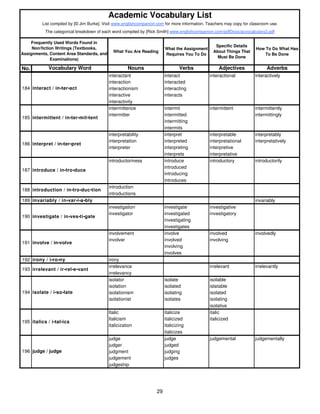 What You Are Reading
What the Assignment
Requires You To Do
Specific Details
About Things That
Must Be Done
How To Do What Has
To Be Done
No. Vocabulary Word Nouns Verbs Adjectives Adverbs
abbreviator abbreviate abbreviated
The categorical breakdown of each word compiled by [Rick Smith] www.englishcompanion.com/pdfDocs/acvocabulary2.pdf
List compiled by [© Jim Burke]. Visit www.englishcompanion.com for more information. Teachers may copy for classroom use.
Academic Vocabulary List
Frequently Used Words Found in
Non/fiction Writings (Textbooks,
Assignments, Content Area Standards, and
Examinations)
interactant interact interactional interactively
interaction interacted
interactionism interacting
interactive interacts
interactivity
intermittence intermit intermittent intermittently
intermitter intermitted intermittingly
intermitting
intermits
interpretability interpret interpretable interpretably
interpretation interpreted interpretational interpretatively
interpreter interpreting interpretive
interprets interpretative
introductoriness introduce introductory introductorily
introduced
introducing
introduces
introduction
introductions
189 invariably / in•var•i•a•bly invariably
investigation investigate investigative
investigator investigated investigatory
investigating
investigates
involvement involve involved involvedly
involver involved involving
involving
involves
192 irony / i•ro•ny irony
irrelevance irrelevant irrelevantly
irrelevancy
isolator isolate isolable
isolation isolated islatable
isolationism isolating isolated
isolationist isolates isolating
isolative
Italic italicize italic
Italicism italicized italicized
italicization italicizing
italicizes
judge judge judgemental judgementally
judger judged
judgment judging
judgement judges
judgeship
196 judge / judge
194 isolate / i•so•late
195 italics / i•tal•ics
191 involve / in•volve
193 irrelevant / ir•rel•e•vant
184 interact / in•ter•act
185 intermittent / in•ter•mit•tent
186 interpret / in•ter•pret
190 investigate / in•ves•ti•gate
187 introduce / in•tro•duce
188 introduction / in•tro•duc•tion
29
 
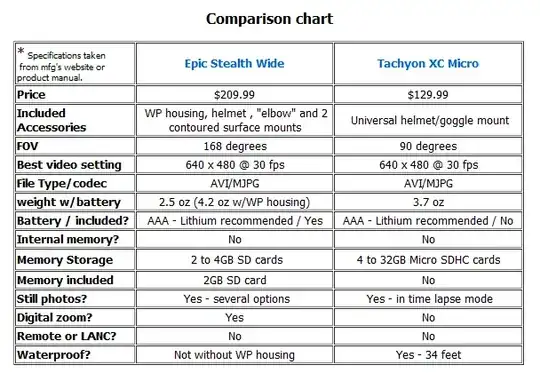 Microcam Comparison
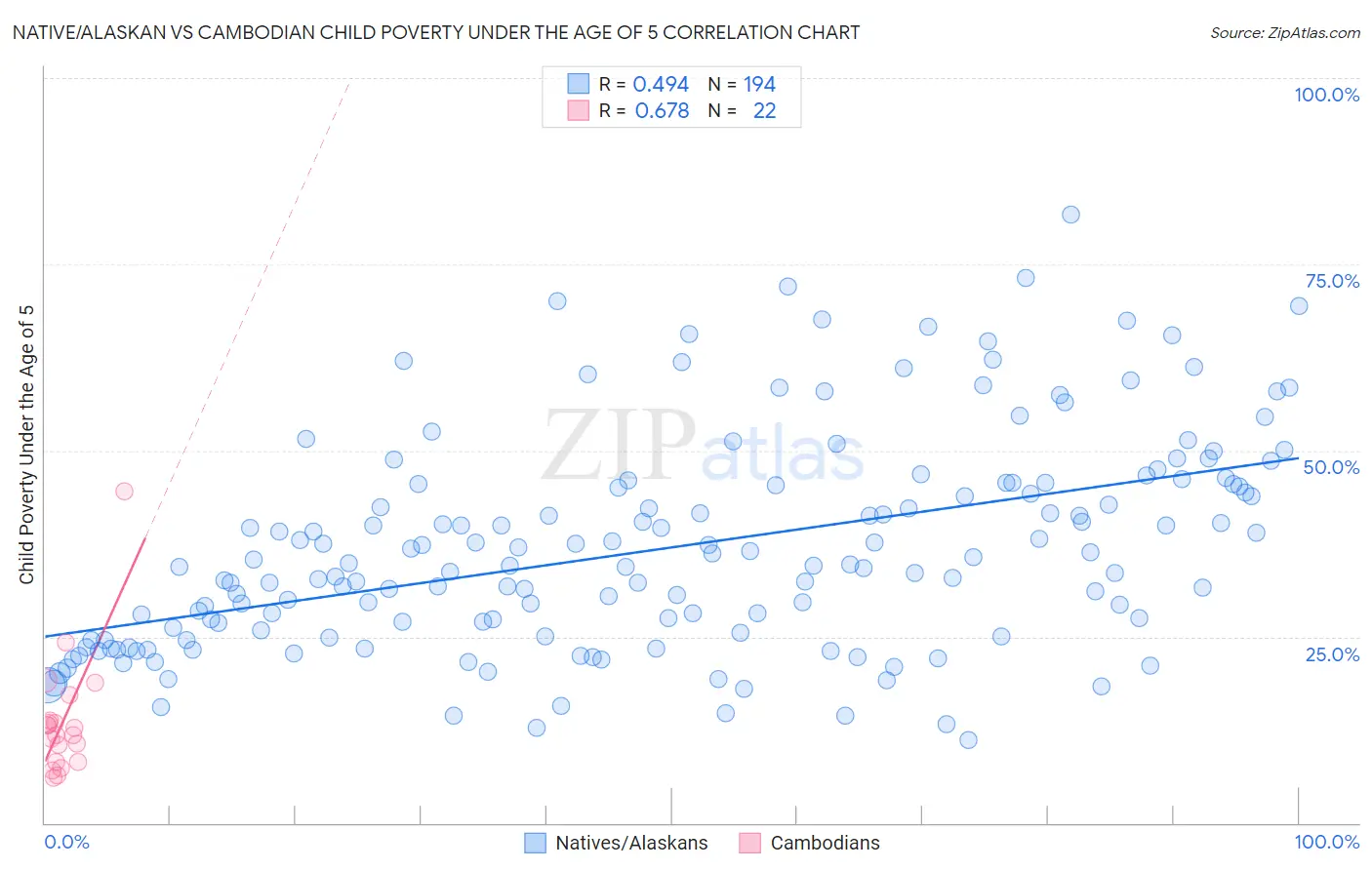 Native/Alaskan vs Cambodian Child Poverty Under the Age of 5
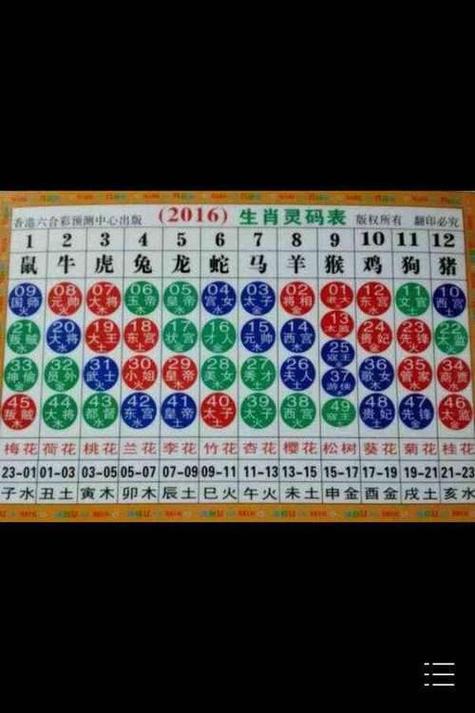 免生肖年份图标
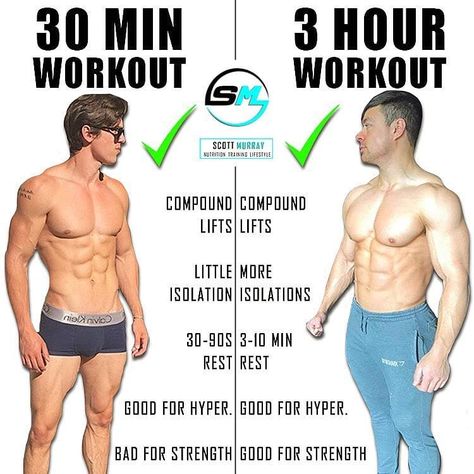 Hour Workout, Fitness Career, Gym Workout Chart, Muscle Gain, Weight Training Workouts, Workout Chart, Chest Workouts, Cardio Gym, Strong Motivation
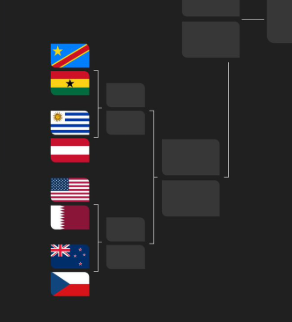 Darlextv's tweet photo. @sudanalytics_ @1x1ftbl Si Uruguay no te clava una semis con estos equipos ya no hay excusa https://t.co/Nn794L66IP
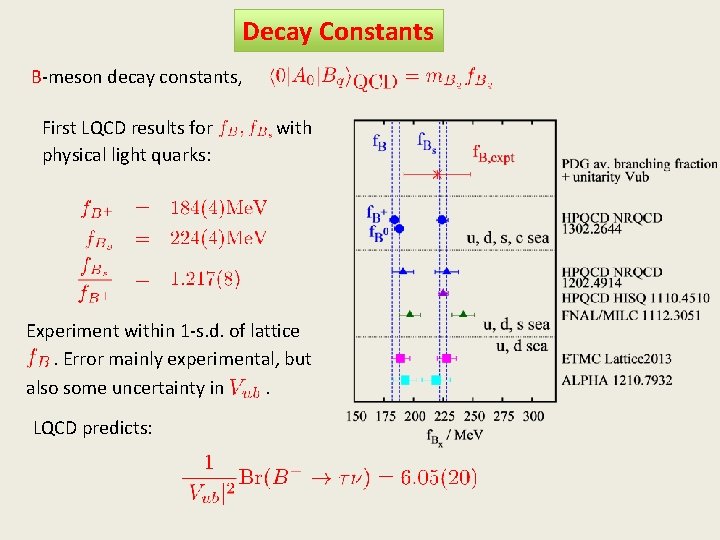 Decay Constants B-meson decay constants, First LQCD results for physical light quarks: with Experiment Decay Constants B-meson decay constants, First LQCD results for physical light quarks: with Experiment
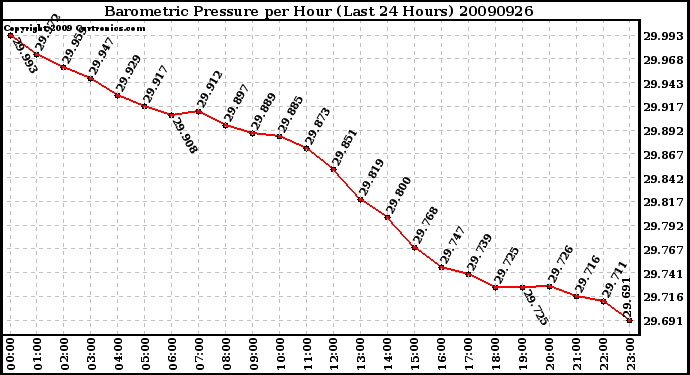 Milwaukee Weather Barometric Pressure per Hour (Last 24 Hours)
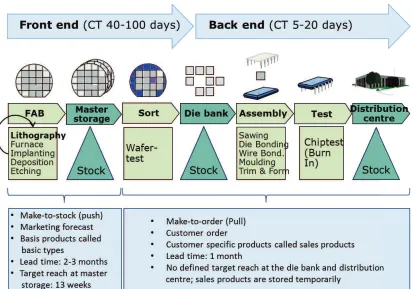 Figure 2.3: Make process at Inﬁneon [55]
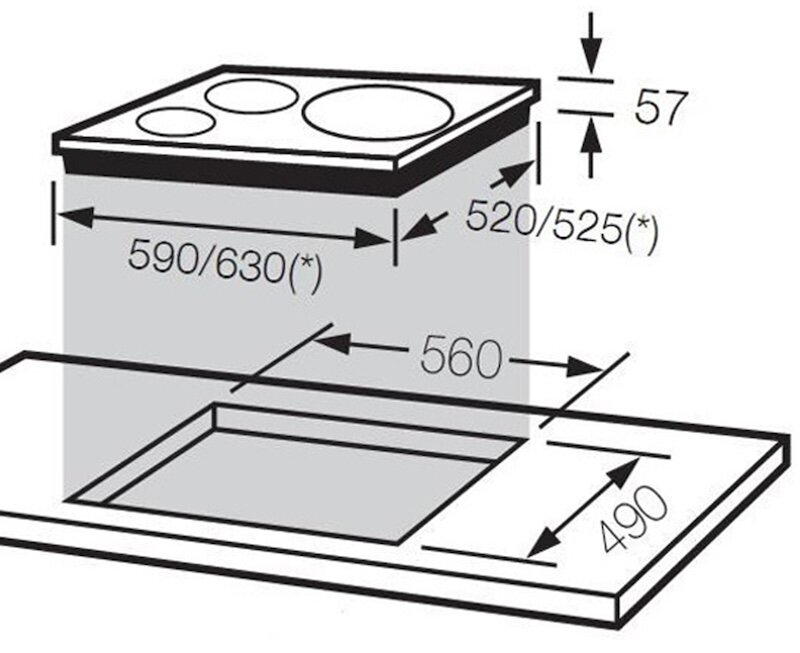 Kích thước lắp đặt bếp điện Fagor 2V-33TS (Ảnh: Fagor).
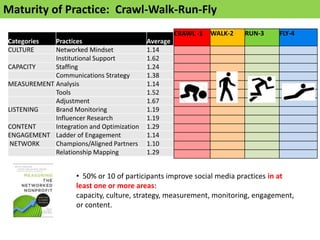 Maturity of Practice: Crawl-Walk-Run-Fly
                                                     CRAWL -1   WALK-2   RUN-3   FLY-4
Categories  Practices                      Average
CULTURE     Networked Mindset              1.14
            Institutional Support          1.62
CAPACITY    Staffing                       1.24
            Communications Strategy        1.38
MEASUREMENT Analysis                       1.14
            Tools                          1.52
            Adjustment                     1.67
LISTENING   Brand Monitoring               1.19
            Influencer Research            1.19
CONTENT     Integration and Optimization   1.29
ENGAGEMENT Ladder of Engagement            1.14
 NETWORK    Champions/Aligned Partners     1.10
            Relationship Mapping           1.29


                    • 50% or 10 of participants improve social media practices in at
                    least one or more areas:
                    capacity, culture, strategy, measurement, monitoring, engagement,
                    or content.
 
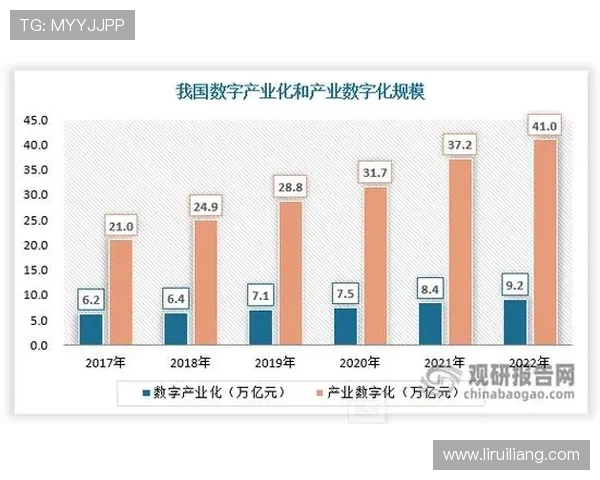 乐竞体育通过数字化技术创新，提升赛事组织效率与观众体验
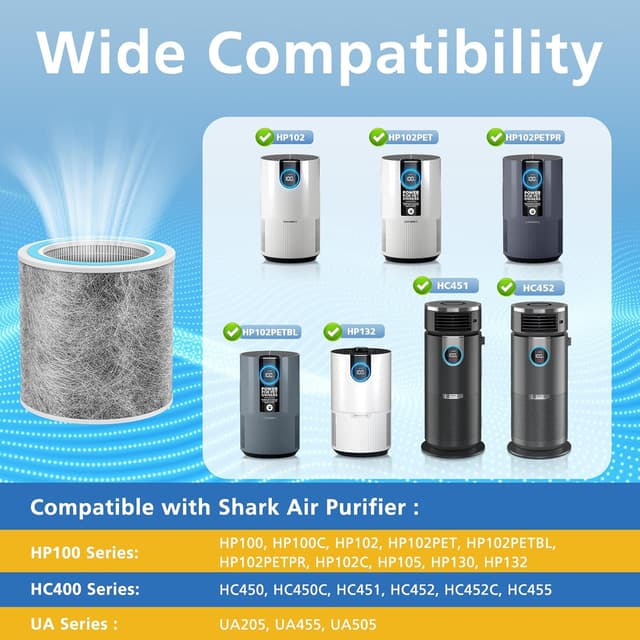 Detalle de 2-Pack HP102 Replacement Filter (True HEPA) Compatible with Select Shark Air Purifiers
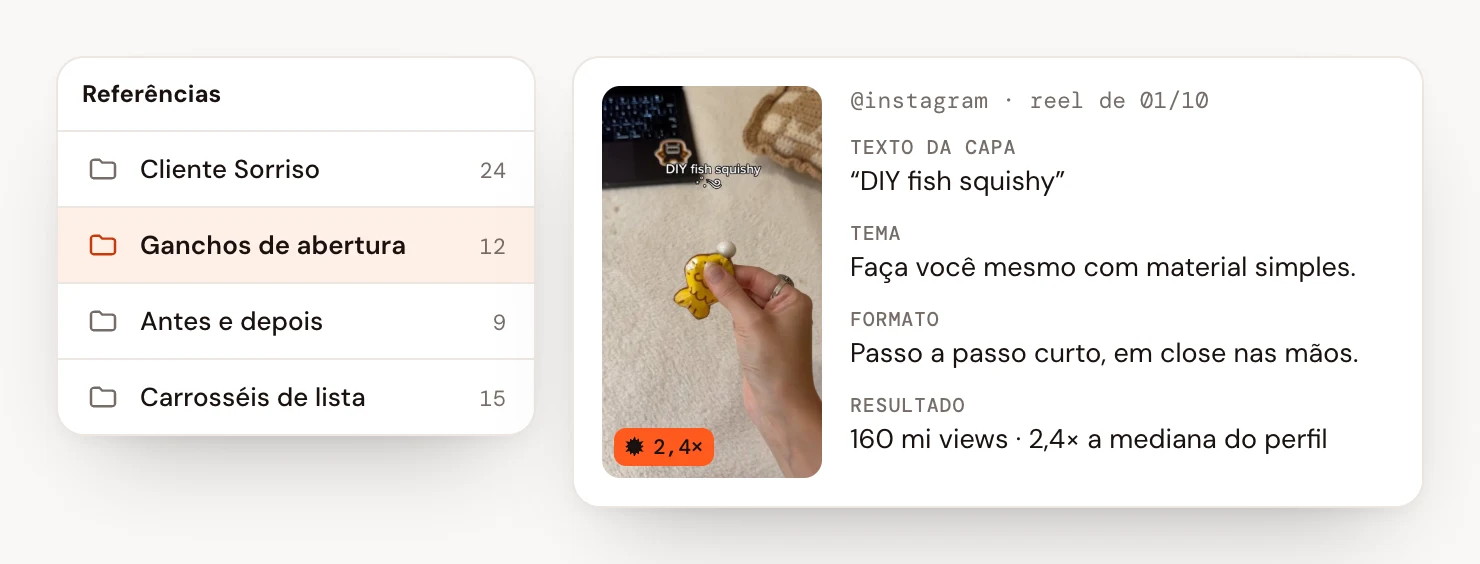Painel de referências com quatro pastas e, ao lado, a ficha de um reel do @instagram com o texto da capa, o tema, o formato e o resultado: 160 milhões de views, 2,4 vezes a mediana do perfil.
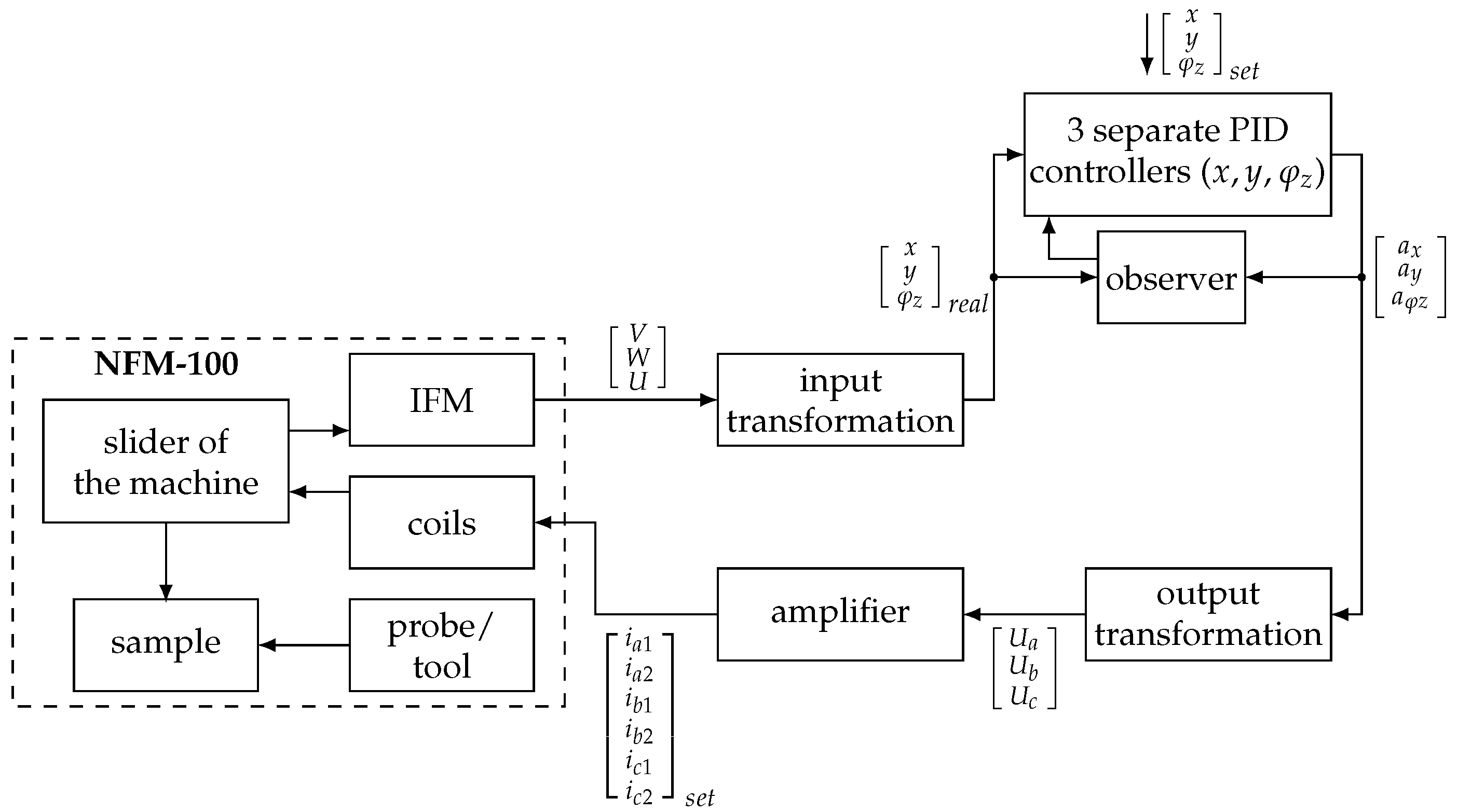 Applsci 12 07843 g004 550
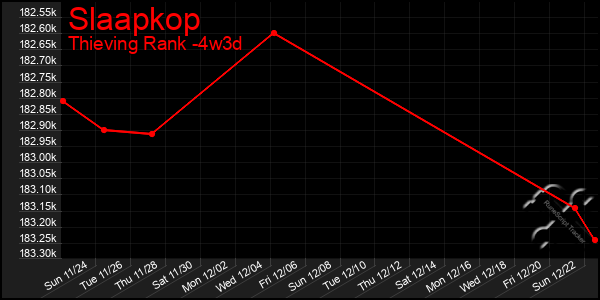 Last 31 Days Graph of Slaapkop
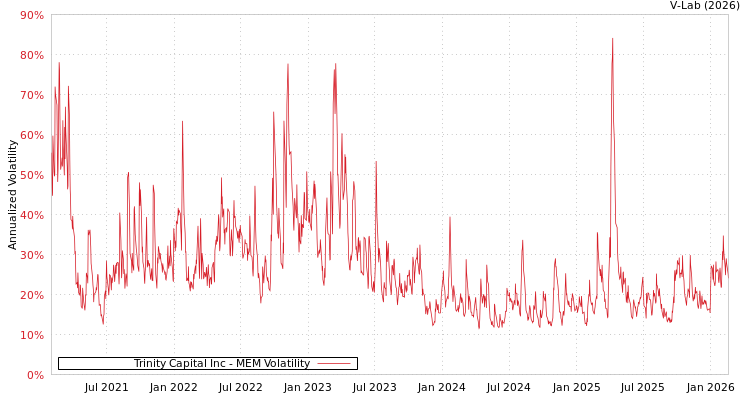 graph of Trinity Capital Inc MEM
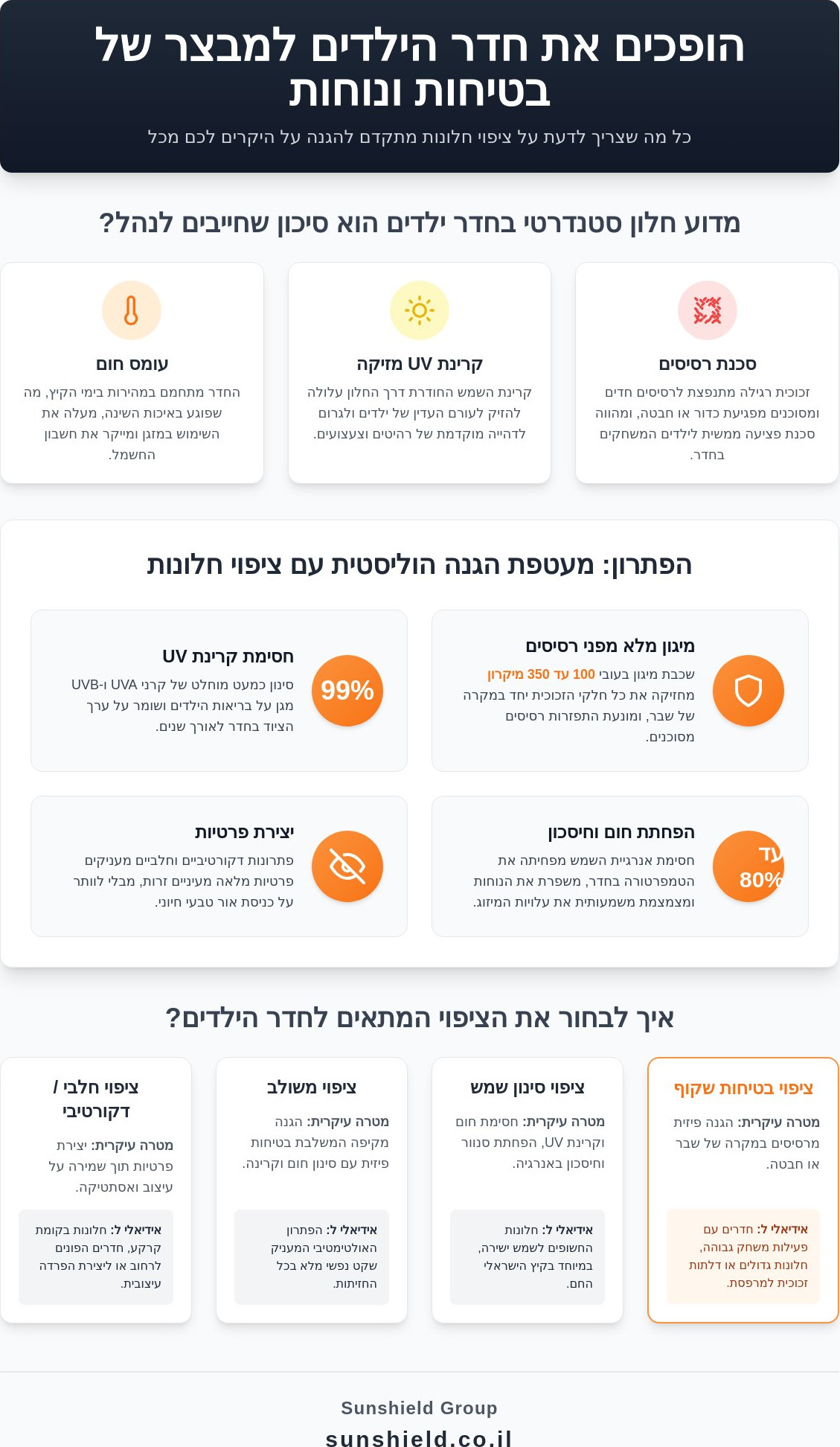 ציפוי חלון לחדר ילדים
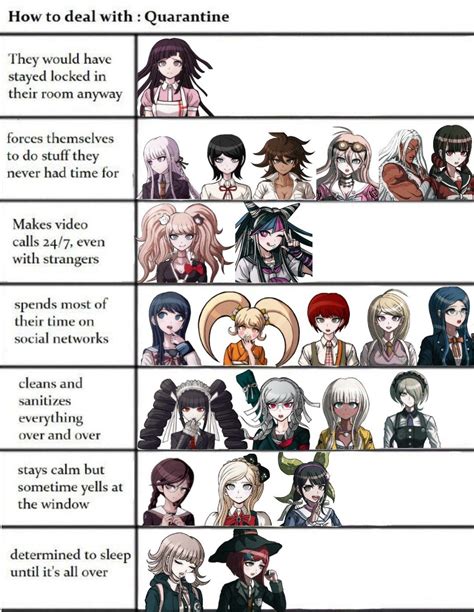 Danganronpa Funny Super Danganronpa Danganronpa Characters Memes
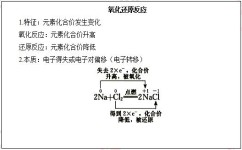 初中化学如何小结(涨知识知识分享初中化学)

◇ ◇ ◇

Problem description :: Take every line above that includes the string "englishcompanion" and return it.

Task result ::
The categorical breakdown of each word compiled by [Rick Smith] www.englishcompanion.com/pdfDocs/acvocabulary2.pdf
List compiled by [© Jim Burke]. Visit www.englishcompanion.com for more information. Teachers may copy for classroom use.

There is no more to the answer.